Publié le par Djayesse
Publié dans : #Cinéma, #Western, #William S. Hart, #Charles Swickard, #Muet
Le Justicier (Hell's Hinges - Charles Swickard & William S. Hart, 1916)

Pendant que la guerre fait rage en Europe, la production hollywoodienne continue, installant pour longtemps sa suprématie sur le monde.

Voici un western – encore un – plutôt édifiant, où le rôle de la religion est, pour une fois central. Bien sûr, il y est question de rédemption, mais c’est tout de même un western à part dans la production foisonnante américaine.

 

Le jeune pasteur Rober Henley (Jack Standing) n’a pas encore de paroisse et pour cause : il manque cruellement de caractère. Mais soutenu par sa sœur qui a une confiance aveugle dans ses capacités, il se retrouve nommé en pleine campagne, là où les paroissiens sont réputés plus doux.

Mais en guise de campagne, c’est l’Ouest (sauvage, bien sûr) qui est sa destination, dans la petite ville de Placer Center (« Centre des Alluvions ») que les autochtones ont tendance à surnommer « Hell’s Hinges » (« Les Charnières de l’Enfer »), d’où le titre original.

Cette petite ville est dominée par deux personnalités fortes : Silk Miller (Alfred Hollingsworth) et « Blaze » Tracy (William S. Hart). Chacun a sa spécialité : Miller dirige le saloon tandis que Blaze est une très fine gâchette, tirant au pistolet d’abord et posant les questions ensuite.

Alors quand le pasteur débarque dans ce lieu sans foi ni loi (littéralement), on peut s’attendre à une recrudescence de la violence.

Ce sera le cas, mais pas comme on pouvait le craindre.

 

Bien sûr, William S. Hart est ce justicier du titre français, touché par la grâce et en quête d’une rédemption qui viendra à lui, mais de manière fort brutale.

D’une manière générale, d’ailleurs, le film est d’une violence assez crue, les morts s’accumulant progressivement. La première vision que nous avons de Hell’s Hinges, d’ailleurs, est un échange de coups de feu avec un premier mort, qui amène une nouvelle fusillade, (etc.)…

Et l’attente du pasteur par deux comités de réception est dans la plus pure tradition de l’Ouest.

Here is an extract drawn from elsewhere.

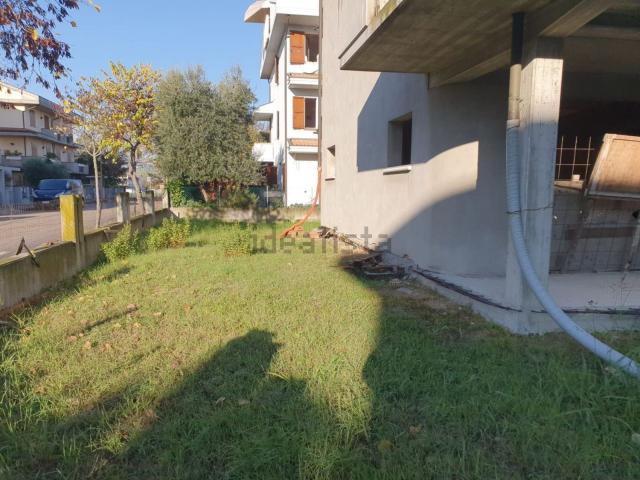 Casa in vendita a Unione dei comuni Valle del Savio, Cesenà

D’un côté les fidèles – the petticoat Brigade (« la brigade enjuponnée ») – qui attend avec fébrilité le retour dans Dieu dans cet enfer ; de l’autre les cowboys goguenards qui en sont pas sans rappeler ceux qui s’occupaient des pieds-tendres à leur arrivée (1). Nous avons même droit à une séance de tir au revolver où Blaze montre son habileté en tirant à plusieurs reprises sur une boîte sur laquelle est dessiné un pasteur.

Mais, et sinon le film se terminerait là, la sœur du pasteur tape dans l’œil de Blaze qui va changer du tout au tout et protéger ces nouveaux-venus, commençant alors sa quête de salut.

 

Mais comme nous sommes dans l’ouest et que le surnom de la ville n’est pas usurpé, nous assisterons à des exactions instiguées par l’ignoble Silk Miller qui n’amèneront rien moins que le chaos, avec explication finale aux pistolets et autres carabines.

Mais revenons sur Miller. Il est estampillé grand méchant de l’intrigue et porte très bien cette appellation.

Par contre, on ne peut ignorer la xénophobie sous-jacente dirigée contre ce personnage : Miller est présenté comme un le croisement d’un Mexicain à la « ruse huileuse » (i.e. qui glisse entre les doigts) et d’un crotale. Bref, une personne vraiment peu recommandable, dans laquelle on sous-entend un métissage forcément maléfique (2).

 

Quoi qu’il en soit, il s’agit d’un western plutôt plaisant, même si on se demande bien pourquoi on a utilisé le terme « justicier » pour le titre : si faire justice, c’est ça, il n’y a pas de quoi être bien fier.

Certes, Blaze a les allures du justicier comme l’imagerie populaire a pu le montrer, mais seulement les allures : ses pratiques ne sont pas spécialement placées sous l’égide du Droit (voir plus haut), et quand on voit le résultat final, on a de quoi être franchement dubitatif.

Mais qu’attendre d’un endroit qui s’appelle Hell’s Hinges ?

 

PS : c’est une copie de très bonne facture qui est disponible actuellement, avec accompagnement au piano et les teintes originales conservées (intérieur, nuit…), avec en prime quand c’était possible (la plupart du temps) des intertitres originaux illustrés de très belle facture.

 

  1. Voir à ce sujet le magnifique album de Morris et Goscinny : Le Pied-Tendre (Dargaud, 1968).
  2. Revoir, à ce sujet The Half-Breed qui sortira le 30 juillet de cette même année.